◆ **How to complete this task**
What you give back must match the data exactly, minus the pictures.

◆ **Data excerpt**

====

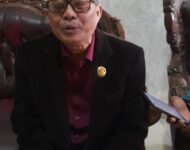 1.100 Hektar Program Cetak Sawah di Ogan Ilir Terancam Gagal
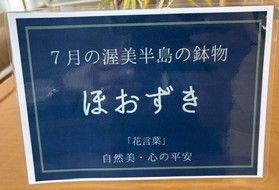 ~7月の渥美半島の鉢物~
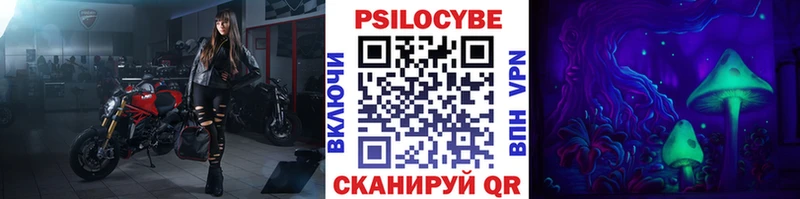 Галлюциногенные грибы Psilocybine cubensis Кореновск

====

◆ **Response area**
 1.100 Hektar Program Cetak Sawah di Ogan Ilir Terancam Gagal
 ~7月の渥美半島の鉢物~
 Галлюциногенные грибы Psilocybine cubensis Кореновск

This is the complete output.